I have been giving private basketball sessions in Boston for the past four years. I have developed a training method called “The Basketball Edge,” based on the principles I learned from my own private coach, and incorporating the lessons I found most helpful as a college and professional player.
I enjoy working with players of all ages and levels, but I especially enjoy the challenge of coaching teenagers, because with them I can make the biggest difference in their game and lives. The key to teaching teenagers is communication—reaching them where they live: it doesn’t matter how much you know if you can’t present it to them in ways they can immediately grasp.
Every kid is a natural-born learner, but teenagers, especially boys, can take a while to hit their stride when it comes to academics. I was that kind of high school student at first—I wasn’t even thinking about college, much less getting into a decent school. Basketball turned me on to learning and gave me an edge that made admission to a good school possible.
Sports is a great vehicle for discovering one’s potential as a learner.
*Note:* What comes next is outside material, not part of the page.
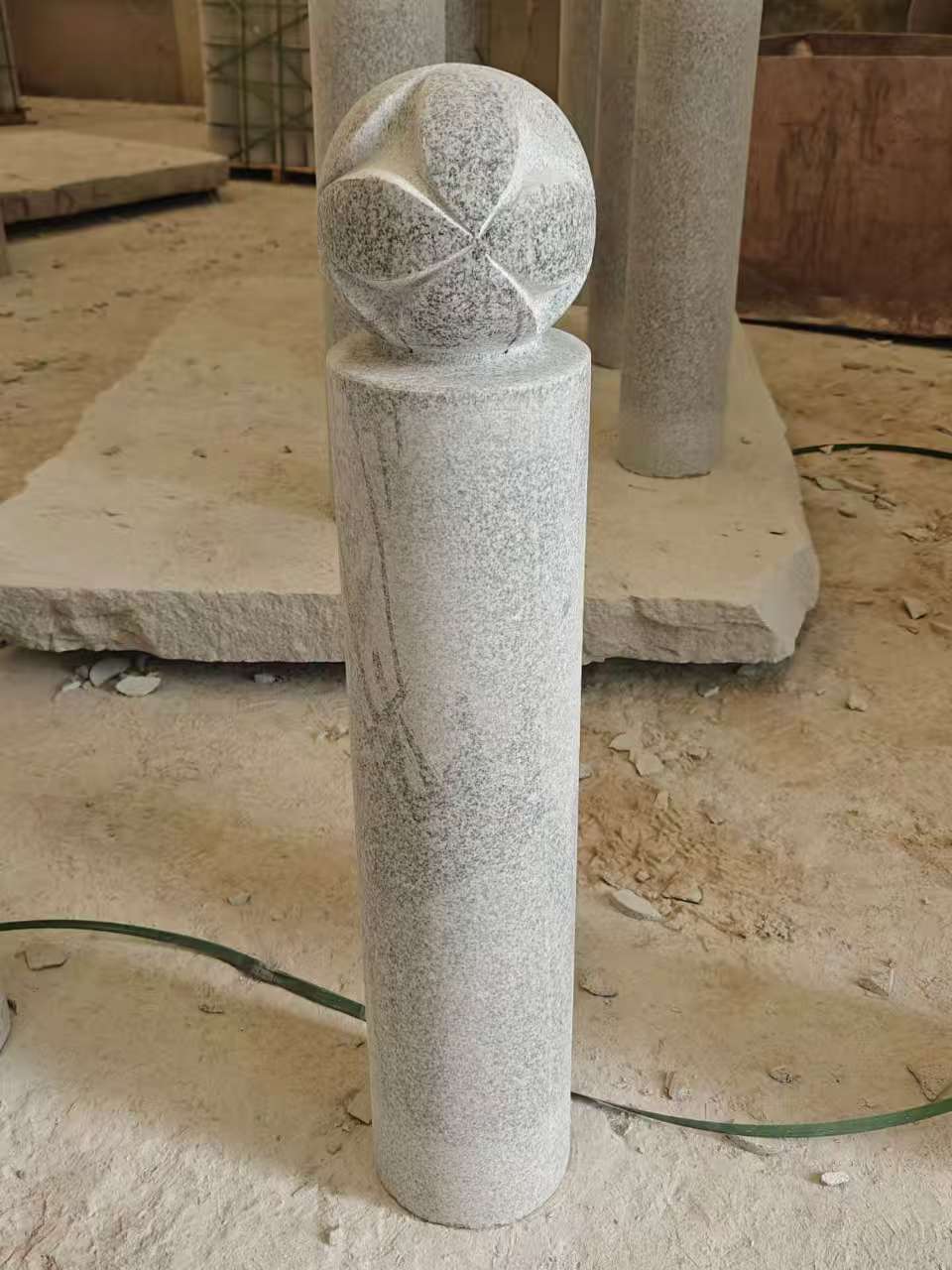 铜陵 芝麻白花岗岩石材挡车石柱、停车柱、圆柱挡车柱、方柱挡车柱等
Once you learn that you can systematically set out to master something you care about—that you can learn to learn and gain the confidence, self-esteem, and rewards that come with discipline—then it’s just a short step to realizing you can succeed in any area of life you choose.
I was not a naturally gifted athlete, but I was willing to work hard at the game I loved and develop my skills, and I ended up having a great college career and an opportunity to play professionally with NBA players overseas. But it doesn’t matter what level you reach. What matters is developing yourself to the fullest extent of your ability. Having the opportunity to help kids do that with their basketball is for me, as a coach, a great joy and privilege.